9 thoughts on “Review – Princes of the Apocalypse (D&D 5th)”
The dungeons themselves are extremely combat heavy, but that seems to be WoTC’s standard design these days. That said there are some very interesting maps and environments to take your players through. The story and detailed region are well done. Easily worth the money for a DM even if you don’t plan on running it.
Not to be “Well, Actually” guy, but the elemental evil minis from Wizkids are not an expansion to the D&D minis game, because the D&D minis game doesn’t exist anymore. They’re simply miniatures intended for use with the RPG, for groups who enjoy that sort of thing
No problem at all. Fixed that.
I am running this campaign on roll20. I think it is going to be a hard campaign to DM as the players are given a lot of choice as to where they are going and which dungeon they want to explore.
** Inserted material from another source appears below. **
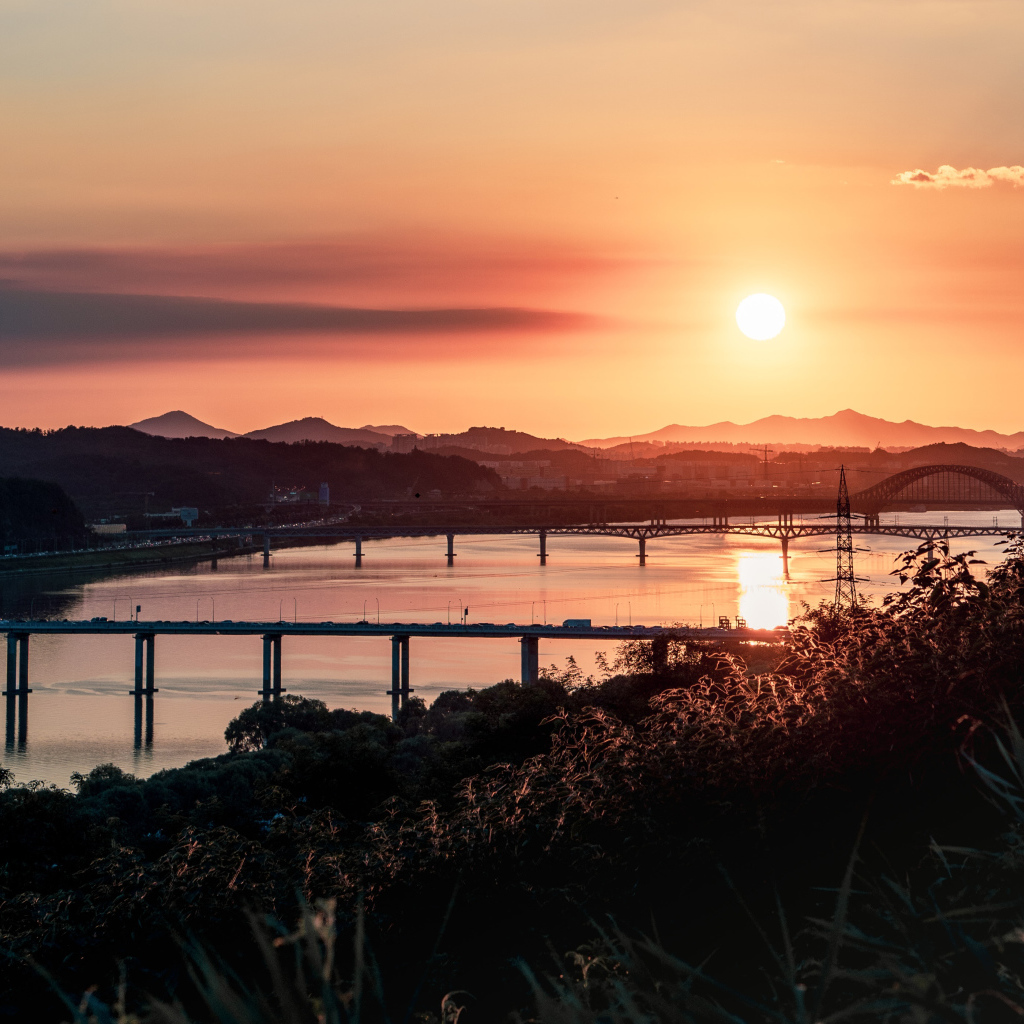 Рассвет над мостами над рекой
Several dungeon levels are linked together with unsuitably big jumps in playability for characters of a certain level. For example River Guard Keep (4th level) leads to the temple Of Crushing Wave ( 7th Level ), this then connects to Fane Of The Eye a 10th Level dungeon via a staircase. There is no in game device to stop characters of a low level blundering into a high level dungeon and getting slaughtered almost immediately. It kind of reminds me of a badly designed d&d type computer game where, your party runs round fighting monsters, then descend down a stair case and gets wiped out immediately by by some horrific high level monster. There is a general plot that elemental cultists are trying to take over the Dessarin Valley, but the campaign lacks a clear narrative. Much could have been made of each elemental cults rivalries and there should be opportunities for the party to play one off against the other, using a classic divide and conquer role playing strategy. There is lots of good material in the campaign, but I am still figuring out how I am going link everything together to produce a compelling epic d&d campaign for my players ?
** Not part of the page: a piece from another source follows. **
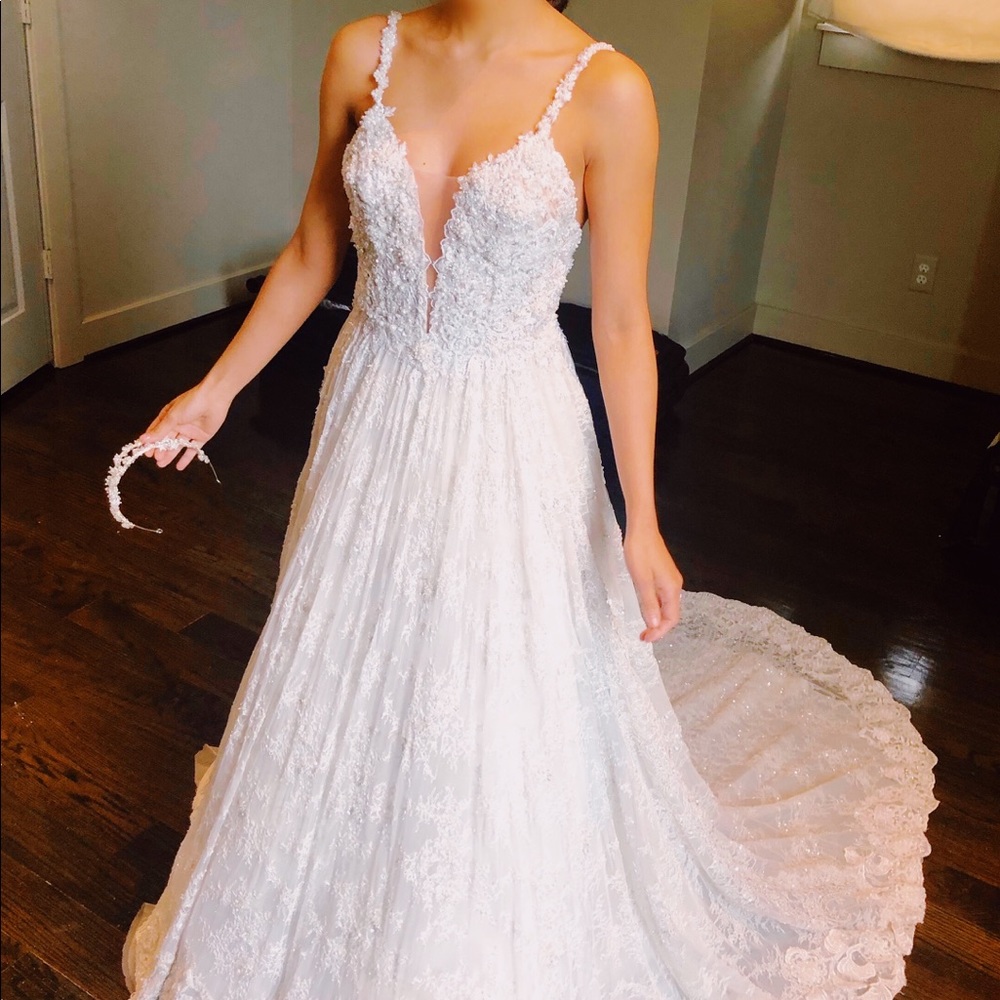 Colombian designer one of a kind Wedding Dress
I would preferred the campaign to have been a more modular affair that was event driven, as this greatly assists the DM.
Um actually its a good design, you do not want to be leading your players down a straight and narrow path, you want them to explore, you want them to make mistakes and learn from their lessons. This is what makes this campaign so awesome.
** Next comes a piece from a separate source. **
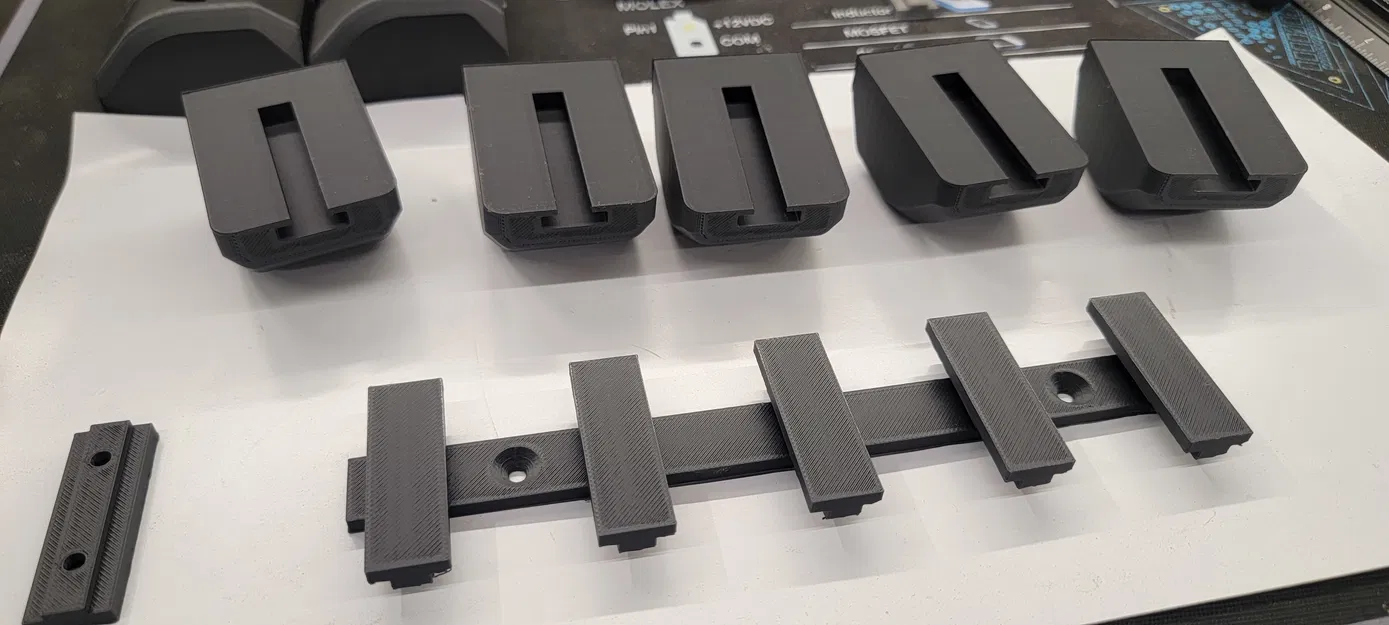 Giá treo tường tua vít LTT (LTT Screwdriver Wall Display) - Image 6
Adam I have finished DMing Princes Of The Apocalypse this week after nearly a year of playing this campaign once per week. I stand by all my above comments, in that it was a very hard module to DM and the party did often wander into areas that were either way to hard or too easy for them, I had to fudge a lot of stuff to make the campaign work. My players enjoyed the campaign, but they generally went round hacking everything to death and from my point of view everything got a bit too mechanical. The campaign took too long to complete and only two of the original players stuck with it for the whole game span. Please wizards stick to the tried and tested formula of making each adventure within a campaign 25 to 30 pages long so that it completable within 3 months. It is also important to note that players only need to have the illusion of free choice, as total freedom of choice within a game would make it impossible for a DM unless you happen to have God like powers.
This type of campaign is suppost to give the players choices and that is why it stands out. I would not want this campaign any more event driven than it is, and players can always figure out that they cant take on a dungeon when they have their first encounter with a creature from that dungeon. This campaign forced the Players to go back and to find a way around certain problems. Awesome campaign in my opinion.